Castle Story: Early Access Report

In Castle Story you’re tasked with protecting your crystal from waves of rampaging monsters called Corruptrons. Using your jelly baby-esque minions called Bricktons you must gather various resources to build a castle and defend against the hordes for as long as possible. Where it differs from other base building strategy games is its robust construction tools which enables you to place and stack building blocks in an almost LEGO-like manner.
In the current build the game’s basics are all there and mostly functional but the accoutrements for long-term play aren’t.
Your standard castle building blocks are present and correct allowing for walls, stairs, doors plus resource storage points to be erected. The wheel-based menu system and heads up display are also solid and well-designed meaning it’s very easy to pick up and play even without a tutorial.
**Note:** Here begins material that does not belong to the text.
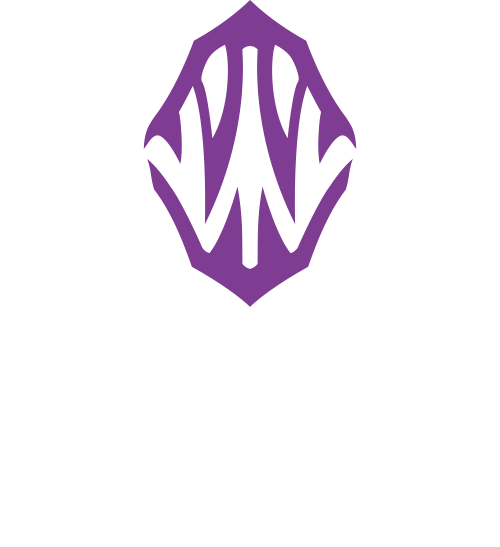 鏡牙 Kyohga 富山湾 地域別情報 Daiwa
Unfortunately, after you’ve got a decent fortress built and successfully held out against a few waves the game plateaus. This is mostly due to the current limitations of the enemy forces – while they increase in number with every wave, there’s only one basic enemy class whose sole tactic seems to be barrelling headlong toward your crystal or whichever Brickton is nearest.
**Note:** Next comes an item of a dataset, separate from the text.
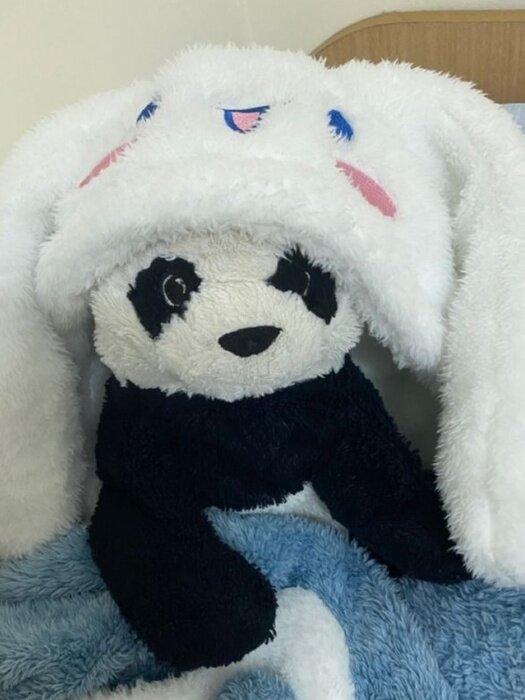 Ripzelda profile picture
The game uses a voxel-based engine with dynamic physics but aside from tumbling objects and rag-dolling corpses it isn’t utilised in any way meaningful to game play.
This lack of variety means that – assuming you’ve been using any kind of common sense in your base design and Brickton deployment – there’s very little challenge to be had. It doesn’t take long to leap above the difficulty curve and the experience quickly becomes boring, enabling you to easily maintain a fully-built castle and have a surplus of resources, therefore leaving you nothing to do between waves. The harder difficulty option doesn’t make much of a difference either, apparently only slightly bolstering the number of enemies per wave.
Outside of this main survival mode is sandbox which allows you to build in whatever way you want without the threat of enemy incursions. However, besides a more deformable map it doesn’t feel fleshed out either. Hopefully this mode will be greatly expanded in later builds, ideally providing options for infinite resources and workers to allow players to get the most out of the game’s tools.

The game provides an uncommon blend of genres that I haven’t seen used outside of the Stronghold games.
There’s also a multiplayer option available from its title screen though the match set up system is either in a nascent state or is more complicated than it lets on as I wasn’t able to start or find a match. If it’s intended to be a competitive mode – perhaps with one or more teams playing as the Corruptrons – I could see this being a very meaningful addition.
Each presently available mode has only one map, further limiting the current package. Presumably this is the one aspect that will definitely be expanded over time. A world editor mode is also on the way, hopefully allowing players to create their own scenarios.
Castle Story clearly has the potential for greatness but the current build – despite having sturdy foundations in place – is simply starved for content. Given its hefty £15 Steam or £12.49 Humble Store prices tags I can’t recommend it at the moment. I’d advise waiting at least until more elements and modes are properly implemented or when it winds up vastly reduced in another Steam sale.
Verdict: Wait and See
Version played:
v. 0.1.2.a1b8, released February 2014
Stability/Bugs:
Very stable. Some frame rate drop during the higher, larger enemy waves. Catapults and stepladders tend to bug out of existence when built but these are minor objects.